経費を抑えるための解決策の存在が知られていないため、多くの企業がコスト削減のために苦しんでいます。経費の削減をあきらめている企業様も多くなっていますね。
――日本は間接費のサービスで後れを取っているんですね。
実は日本を含めたアジア圏以外の間接費削減サービスの市場は、とても大きなものなんです。すさまじい勢いで成長している。
1つの企業だけで、1兆円に到達する企業もあるぐらいです。海外の市場は熱くなっています。
しかし、日本には間接費削減のためのツールが少ない。間接費サービスについて気づいている人もいますが、日本は取り残されている状況です。
――日本の現状をさらに詳しく教えてください。
現状としては、A.T. カーニー株式会社のようなコンサルティング会社にいる人には、間接費を最適化するサービスは知られています。しかし、多くの人は気づいていません。
これは、日本は海外よりもソーシングというマーケットが根付いていないことが原因のように思います。

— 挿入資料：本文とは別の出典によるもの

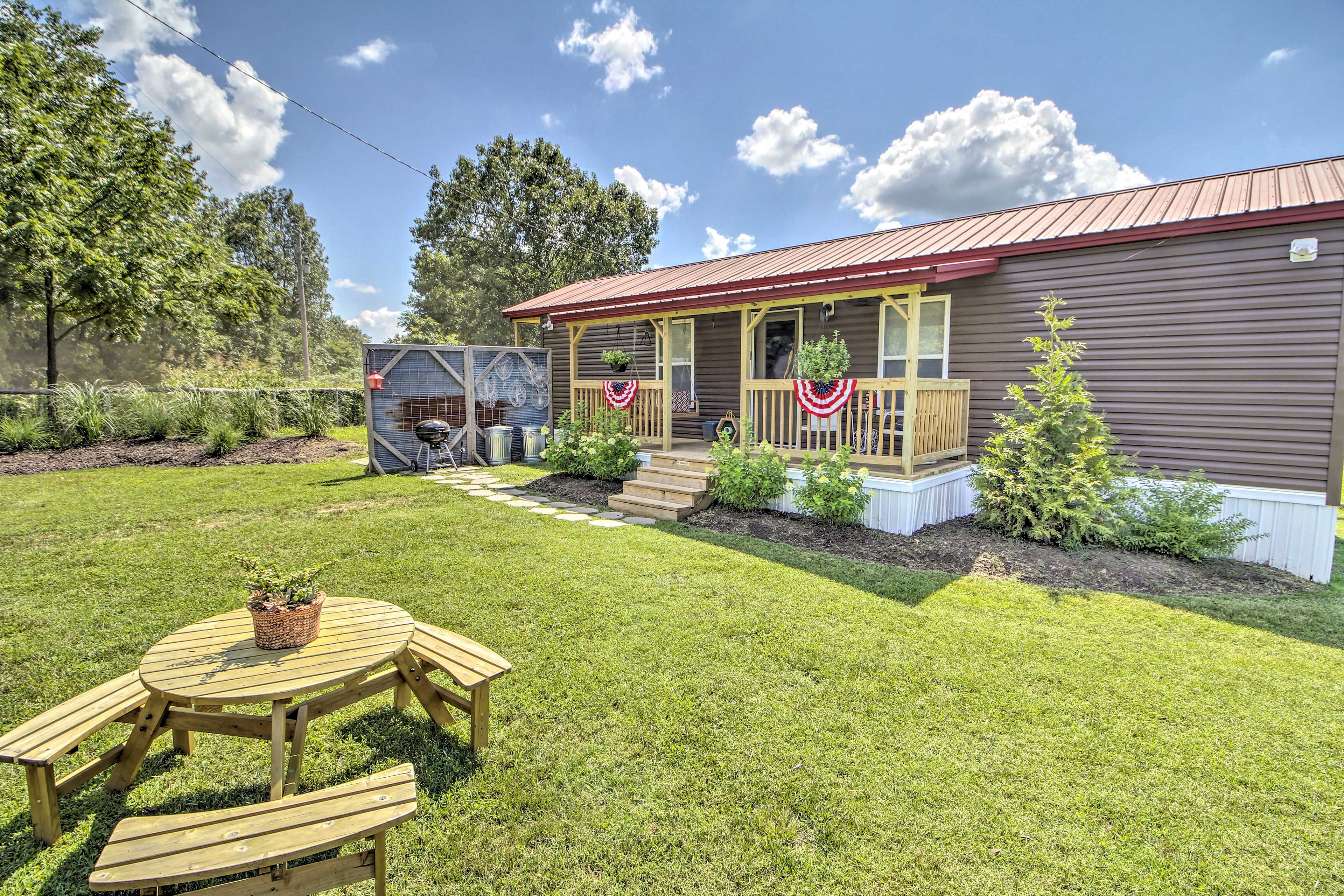 Omaha Vacation Rental | 1BR | 1BA | 500 Sq Ft | Steps Required to Enter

そのため、これからの課題は、間接費削減サービスのマーケットを海外の水準まで起こせるかどうか。企業としても、間接費を削減するための課題は明確です。
その解決をするLeanerも、現在ROIは以前の約5倍の成果(2019年9月現在)を出せており、もはやサービスを活用しない理由はありません。
今後どうやって、事業を拡大し、市場を活発化させていくかが最大の課題になっていますね。
――現在のサービスの導入企業についてい教えてください。
現在、Leanerの有料ユーザーは2桁社数に到達しています。
導入している企業様の特徴は、CFOの方の感度が高いことですね。この20年ほどで急成長しており、投資も進めているような企業様も多くなっています。
また、人にこだわりがある企業様にも多く使われています。Leanerは人件費を削りたくないニーズを満たすことができるからです。他にも、原材料が少なくて済む企業様や製造業の企業様にも活用いただいていますね。
外部サービスを活用すれば間接費を削減できることを知っているがコンサルは高くて手を出せない企業様や、これまでもコスト削減に取り組んできていたがさらに経費削減に取り組みたい企業様にも活用いただけるサービスです。
――導入に向いていない企業はありますか?
新しいサービスを入れるのに抵抗があるような企業様には、Leanerを導入しても価値が出しづらいかもしれません。
そのため、イノベーター的な企業で、CFOが最新の知見を持っており、今まで経費削減をやってこなかったところに最適なサービスになっています。
――導入している企業からの声を教えていただけますか?
現在、新進気鋭の業績が伸びてきている企業のCFOにサービスを紹介した時に、「これが欲しかった」と言っていただけました。
現在、マーケットの中で課題が潜在的なので顕在化する必要があります。そんな中でも、マーケットをわかっていただける人はいらっしゃる。これはとてもうれしいことです。
他にも、「会計ソフトだけでは、支出分析はできない。海外に支出を分析できるサービスはあるけど、日本にはないと思っていた。こんなサービスを待っていた!」というお声を頂いたこともあります。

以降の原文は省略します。